The platform offers a vision of a Canada in 2030 where homes and businesses are all powered by renewable energy, all new vehicles and public transit and passenger ferries are electric and most food is locally sourced.

Green Party Leader Elizabeth May joins climate change activists and students as they gather in Calgary for a protest and "die-in", on the steps of the Calgary Municipal Building in Calgary on Friday, Sept. 20, 2019. (Dave Chidley/Canadian Press)

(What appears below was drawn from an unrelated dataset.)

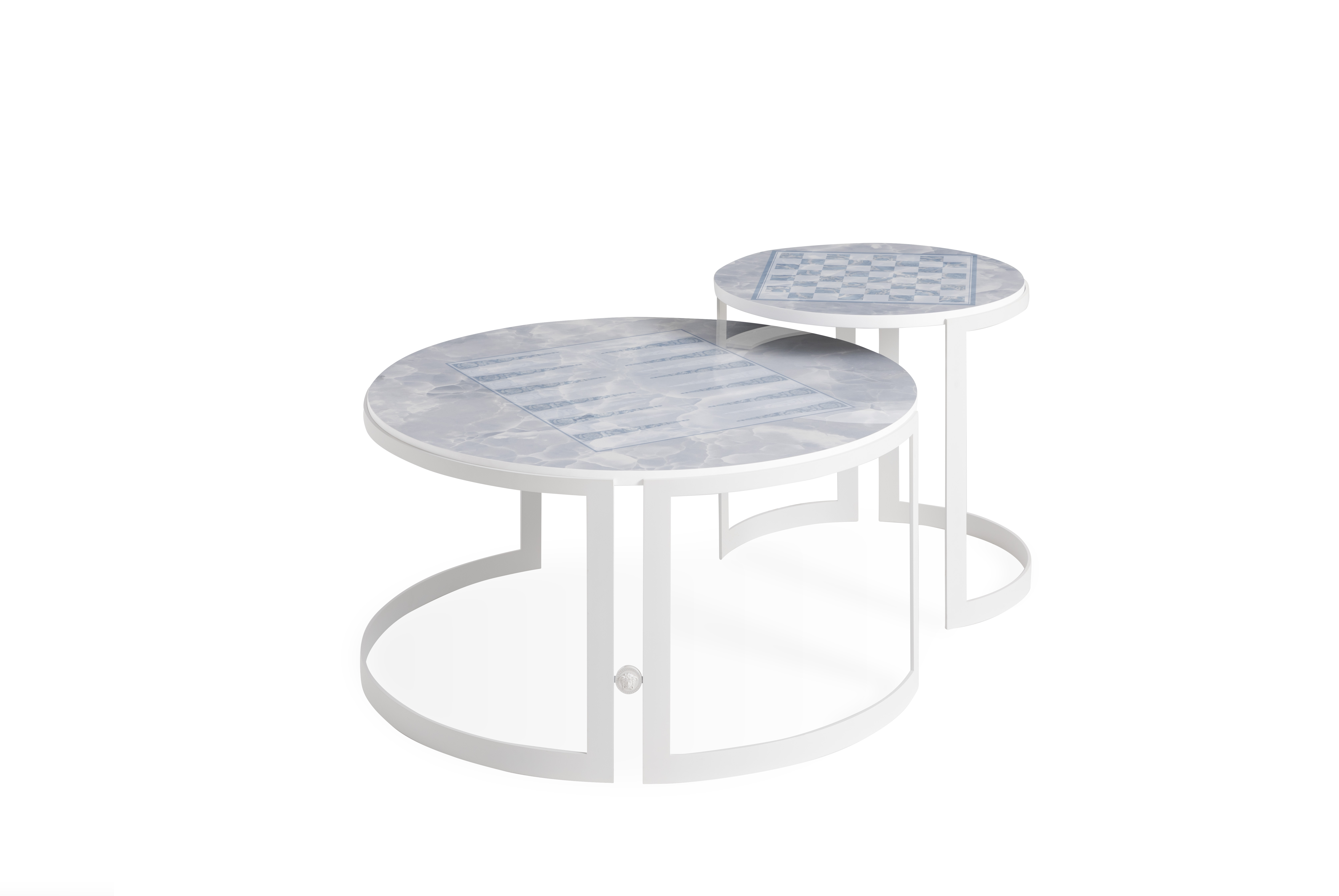 Versace Home Iconic round limited edition coffee tables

The platform says a Green government would pass into law a Climate Change Act that would require a 60-per-cent cut in emissions below 2005 levels by 2030, doubling the current 30 per cent target.

No new pipelines, or coal, oil or gas drilling or mining, including offshore wells, would be approved under a Green government. The party is also promising to ban all gas-powered — internal combustion engine — cars by 2030.

The Green Party is also promising to institute national pharmacare, a promise it says will cost some $27 billion a year.

The Green plan also proposes eliminating tuition fees by offering $10 billion in post-secondary and trade school support so that all Canadian college and university students can go to school without paying any fees.

To pay for the promises, the Green Party has said it would eliminate fossil fuel subsidies worth several billion dollars annually, including those for liquefied natural gas (LNG), oil and gas projects and coal mining exploration and development.

The Greens are also promising to impose a financial transactions tax of 0.5 per cent to collect nearly $18 billion in 2024-2025.


John Paul Tasker

Senior writer

J.P. Tasker is a journalist in CBC's parliamentary bureau who reports for digital, radio and television. He is also a regular panellist on CBC News Network's Power & Politics. He covers the Conservative Party, Canada-U.S. relations, Crown-Indigenous affairs, climate change, health policy and the Senate. You can send story ideas and tips to J.P. at john.tasker@cbc.ca.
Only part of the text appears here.